Durante semanas, Gengis Kan retuvo a su oerlok, que le informaba, día a día, de aquella expedición, única en la historia del mundo, de 30 000 hombres hacia lo desconocido. Partiendo del mar Caspio, habían recorrido seis mil kilómetros, atravesado inmensos dominios, ganado una docena de batallas y vencido a una docena de pueblos. ¡Y todo para el uluss de Dschutschi!
Dschutschi ni siquiera se presentaba para escuchar el informe del valeroso oerlok, el mejor que jamás escuchara Gengis Kan. Cinco colores señalaban el mundo: el rojo representaba el sur; el negro, el norte; el azul, el este; el blanco, el oeste; el violeta, el centro. Y el espíritu protector del Kiut-Burtschigin acompañaba la expedición blanca con el halcón volando por todas las partes del mundo y concediendo a sus mongoles la victoria sobre todos los pueblos de los cinco colores.
Una vez tras otra mandaba Gengis a buscar a Dschutschi: su presencia era inexcusable. Había que conquistar otros países, muy distintos del pequeño Choresm. Si así lo hacían, Occidente le pertenecería. Pero siempre obtenía la misma excusa: Dschutschi está enfermo… Cierto día, un mongol de Kiptschak se presentó y dijo que había visto al príncipe Dschutschi cazando.
La cólera de Gengis Kan estalló, terrible.
Dos «flechas» galoparon hasta Tschagatai y Ugedei. Estos debían mandar inmediatamente sus tropas contra el ordu de Dschutschi. El ejército interrumpió el camino de regreso, las órdenes volaron de un tuman a otro, los jinetes saltaron a sus caballos…
La primera guerra fratricida entre los mongoles estaba a punto de estallar.
Vanamente intentó Yeliu-Tschutsai detener al gran kan, describiéndole los peligros que semejante discordia implicaba para el porvenir.
Gengis Kan gritó:
—¡Está loco! ¡Sólo un loco intentaría oponerse a mis órdenes! ¡Y un loco no puede reinar!
Y mientras los príncipes cabalgaban hacia el norte y el ejército se ponía en marcha, se anunció la llegada de uno de los hijos de Dschutschi. Este tenía una importante noticia que comunicar a Gengis: su padre había muerto.
Él no había ido de caza, sino sus generales, que no querían renunciar a sus placeres mientras él agonizaba en su tienda.
Nadie vio a Gengis Kan llorar o quejarse. Lo que había exigido a Tschagatai, prohibiéndole llorar a su hijo muerto, también se lo exigió a sí mismo.
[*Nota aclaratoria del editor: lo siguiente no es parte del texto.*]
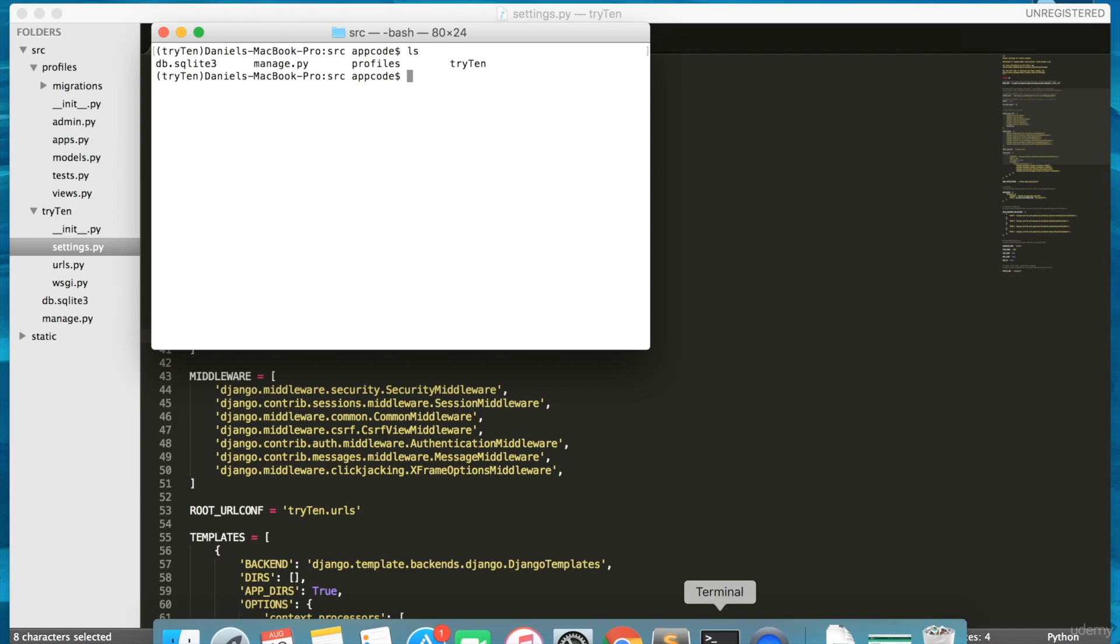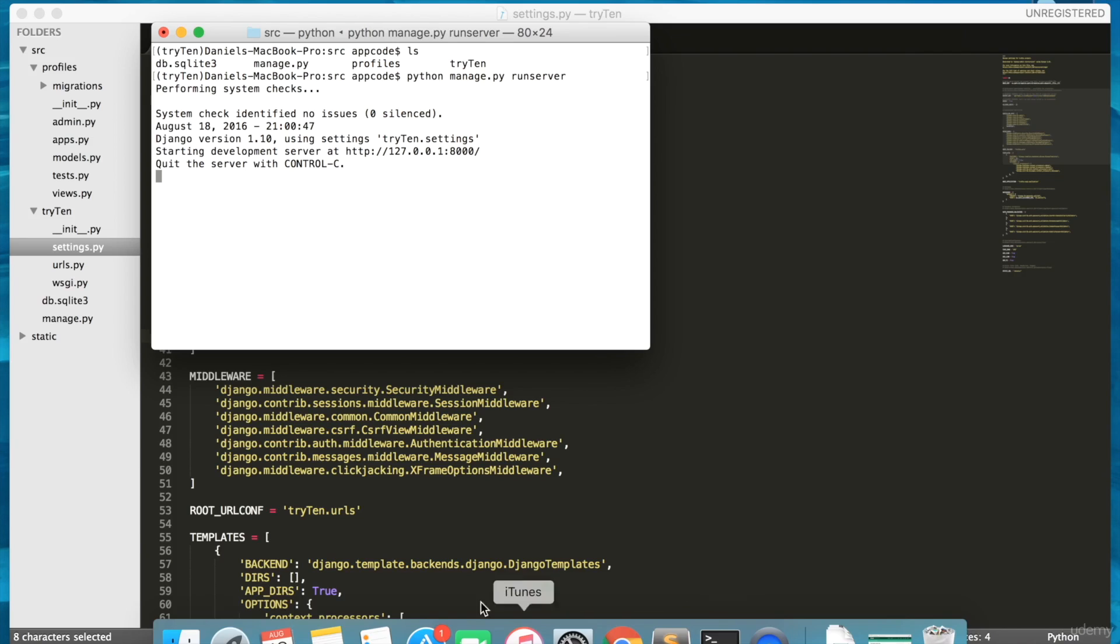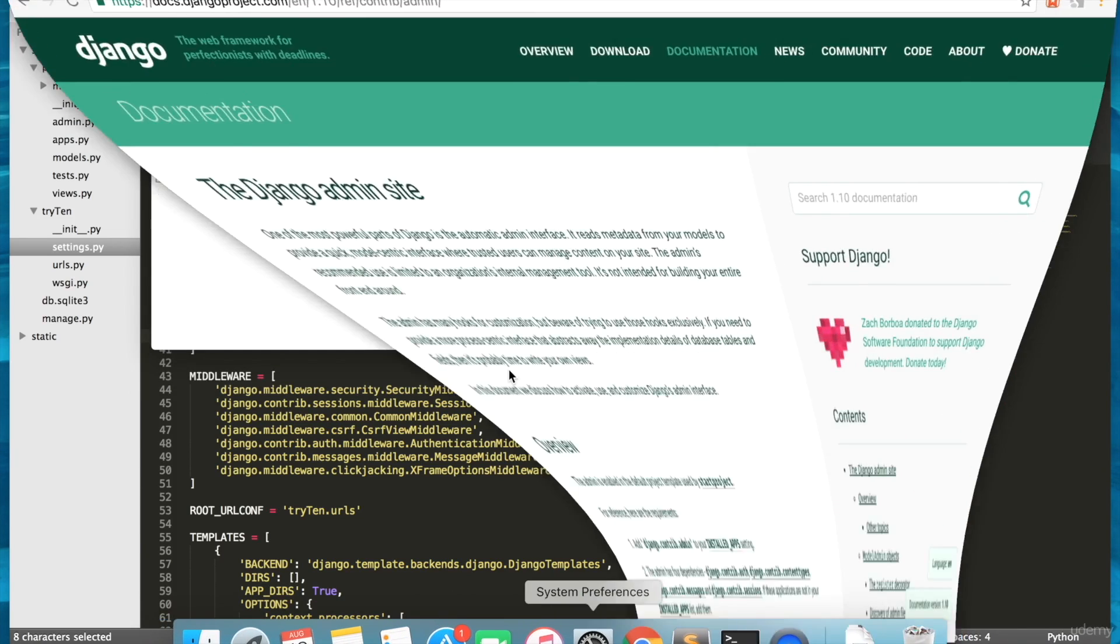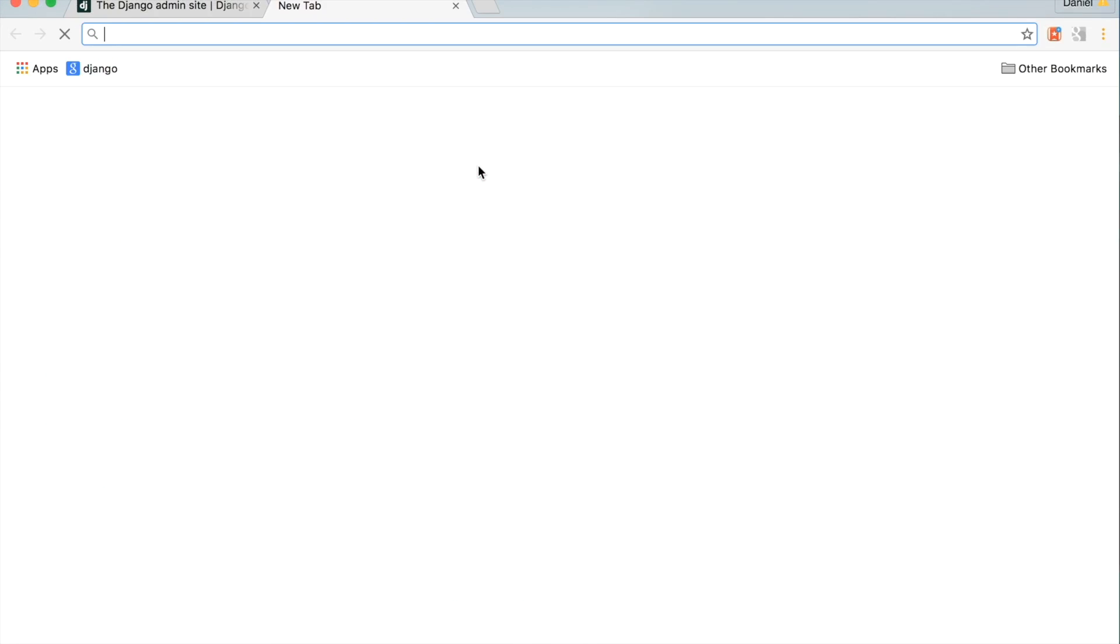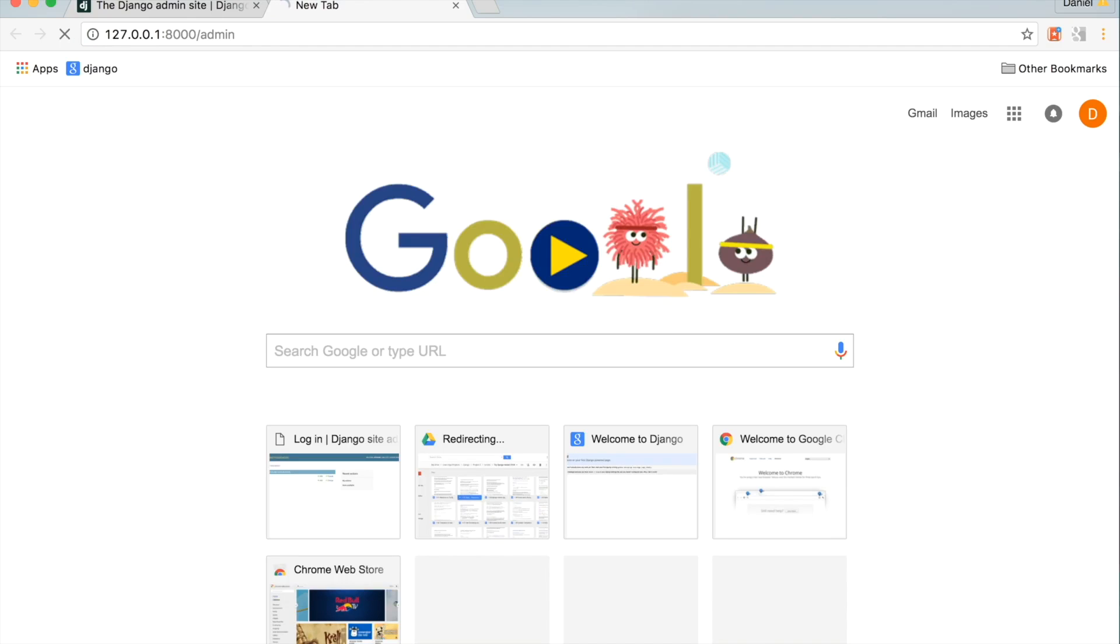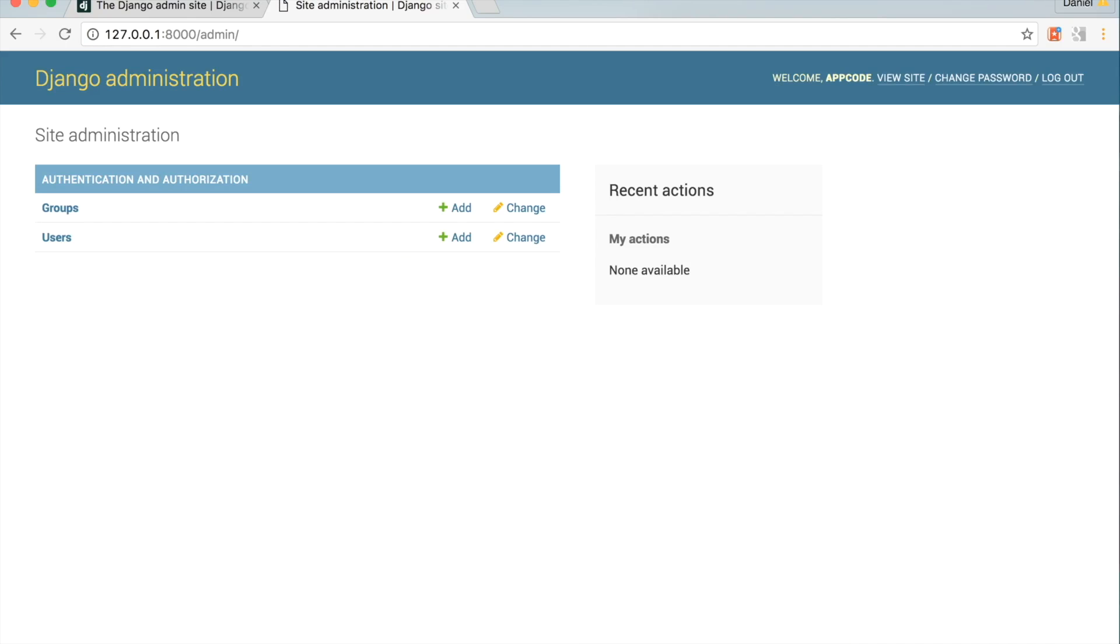Moving forward, we're going to open the terminal. To start the local development server, we run python manage.py runserver. Open up Chrome and go to the admin URL. Make sure you're logged in. In the future, we'll use Django admin to manually enter, delete, or update information in the database.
Durante dos días permaneció solo en su tienda. Dos días durante los cuales pidió perdón a su difunto hijo por la injusticia con él cometida:
Dschutschi no le había guardado rencor, no contrarió sus órdenes; con aquel magnífico presente de caballos intentó conseguir el perdón de su padre porque él no podía ejecutar la orden de presentarse.
Cuando Gengis Kan salió de su tienda, dio orden de buscar al hombre que trajo la noticia de haber visto a Dschutschi durante la cacería. Pero aunque se le buscó en una extensión de varios centenares de kilómetros, sin dejar un solo escondrijo por explorar, fue imposible dar con él.
El gran kan decidió abandonar la búsqueda y zanjar el asunto. Cansado, después de siete años de ausencia, regresó al país ujguro por el este, a Mongolia.
En la frontera de los dos países encontraron una alegre partida de caza. Sus dos nietos, los más jóvenes, hijos de Tuli, Hulagu, de once años, y Kubilai, de nueve, acababan de matar su primera pieza y, llenos de orgullo, venían a mostrar el botín a su padre: Kubilai, una liebre, y Hulagu, un ciervo.
La antigua costumbre exigía que los pulgares de un niño fuesen frotados con la carne y la grasa del primer animal por él abatido, para que, en lo sucesivo, fuese un cazador de suerte, y Gengis Kan, contento, ejecutó él mismo la ceremonia. Jugando, Hulagu, el futuro dominador del Asia Menor y fundador de la dinastía de los ilkanes, retenía la mano de su abuelo, quien, riendo, exclamaba: «¡Mirad, mirad cómo mi descendiente se apodera de mis manos!». Pero Kubilai, el futuro gran kan bajo cuyo reinado el Imperio mongol adquirió su mejor florecimiento, a quien el mundo, desde el Adria hasta el océano Pacífico, obedecía, permanecía tan serio y digno que Gengis Kan, dirigiéndose a sus hijos, les dijo: «Cuando no sepáis qué determinación tomar, preguntad al pequeño Kubilai».